### WHAT YOU ARE ASKED TO DO
Begin at the line containing "Stage lights and" in the data below and go on through the line containing "Reloj De Pulsera", repeating each line exactly; include both ends and no other line.

DATA SHOWN START

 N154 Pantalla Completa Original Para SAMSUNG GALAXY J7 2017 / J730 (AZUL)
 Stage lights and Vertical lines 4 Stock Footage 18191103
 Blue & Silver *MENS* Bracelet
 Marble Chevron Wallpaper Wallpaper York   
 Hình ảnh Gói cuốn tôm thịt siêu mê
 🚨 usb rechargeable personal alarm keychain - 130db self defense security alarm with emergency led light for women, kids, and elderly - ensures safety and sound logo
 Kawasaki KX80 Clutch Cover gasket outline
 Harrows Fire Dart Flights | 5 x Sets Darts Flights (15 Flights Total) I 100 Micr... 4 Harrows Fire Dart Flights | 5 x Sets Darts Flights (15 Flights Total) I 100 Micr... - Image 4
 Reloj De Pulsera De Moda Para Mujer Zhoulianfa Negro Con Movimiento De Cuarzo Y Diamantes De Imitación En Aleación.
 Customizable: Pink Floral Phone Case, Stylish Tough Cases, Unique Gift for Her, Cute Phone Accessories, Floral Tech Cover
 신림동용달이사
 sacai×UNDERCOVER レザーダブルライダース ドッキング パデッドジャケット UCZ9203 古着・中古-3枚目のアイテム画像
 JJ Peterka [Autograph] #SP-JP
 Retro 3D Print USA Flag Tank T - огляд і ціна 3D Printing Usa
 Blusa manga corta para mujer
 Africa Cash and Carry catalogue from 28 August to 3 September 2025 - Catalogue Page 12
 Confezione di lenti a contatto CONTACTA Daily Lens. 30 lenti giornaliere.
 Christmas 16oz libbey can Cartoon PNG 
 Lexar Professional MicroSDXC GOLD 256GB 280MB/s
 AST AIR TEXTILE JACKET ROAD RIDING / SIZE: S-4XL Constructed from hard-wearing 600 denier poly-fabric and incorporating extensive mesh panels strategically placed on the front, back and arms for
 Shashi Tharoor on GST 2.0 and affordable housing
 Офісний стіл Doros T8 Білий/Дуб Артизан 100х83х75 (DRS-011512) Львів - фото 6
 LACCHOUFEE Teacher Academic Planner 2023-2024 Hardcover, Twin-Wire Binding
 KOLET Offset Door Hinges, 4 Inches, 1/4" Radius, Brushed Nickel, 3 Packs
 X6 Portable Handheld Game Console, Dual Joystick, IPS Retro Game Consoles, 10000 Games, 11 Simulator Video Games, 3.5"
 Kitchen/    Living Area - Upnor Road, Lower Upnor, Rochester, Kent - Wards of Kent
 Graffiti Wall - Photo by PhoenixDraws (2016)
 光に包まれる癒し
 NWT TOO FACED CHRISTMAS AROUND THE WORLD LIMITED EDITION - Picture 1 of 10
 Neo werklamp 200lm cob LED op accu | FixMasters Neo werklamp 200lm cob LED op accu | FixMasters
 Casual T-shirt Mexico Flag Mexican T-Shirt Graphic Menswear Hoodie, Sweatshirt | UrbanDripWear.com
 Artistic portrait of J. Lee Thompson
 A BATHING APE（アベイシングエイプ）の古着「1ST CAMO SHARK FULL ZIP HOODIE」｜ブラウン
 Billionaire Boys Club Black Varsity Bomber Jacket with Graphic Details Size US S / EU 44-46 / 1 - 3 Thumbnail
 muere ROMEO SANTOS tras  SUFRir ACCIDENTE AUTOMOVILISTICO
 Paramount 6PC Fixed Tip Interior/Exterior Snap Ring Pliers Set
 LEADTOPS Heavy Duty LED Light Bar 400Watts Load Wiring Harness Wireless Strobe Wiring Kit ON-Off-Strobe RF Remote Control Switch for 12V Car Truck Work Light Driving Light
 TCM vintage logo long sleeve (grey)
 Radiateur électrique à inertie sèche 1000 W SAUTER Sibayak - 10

DATA SHOWN END

### RESPONSE TO THIS EXERCISE
 Stage lights and Vertical lines 4 Stock Footage 18191103
 Blue & Silver *MENS* Bracelet
 Marble Chevron Wallpaper Wallpaper York   
 Hình ảnh Gói cuốn tôm thịt siêu mê
 🚨 usb rechargeable personal alarm keychain - 130db self defense security alarm with emergency led light for women, kids, and elderly - ensures safety and sound logo
 Kawasaki KX80 Clutch Cover gasket outline
 Harrows Fire Dart Flights | 5 x Sets Darts Flights (15 Flights Total) I 100 Micr... 4 Harrows Fire Dart Flights | 5 x Sets Darts Flights (15 Flights Total) I 100 Micr... - Image 4
 Reloj De Pulsera De Moda Para Mujer Zhoulianfa Negro Con Movimiento De Cuarzo Y Diamantes De Imitación En Aleación.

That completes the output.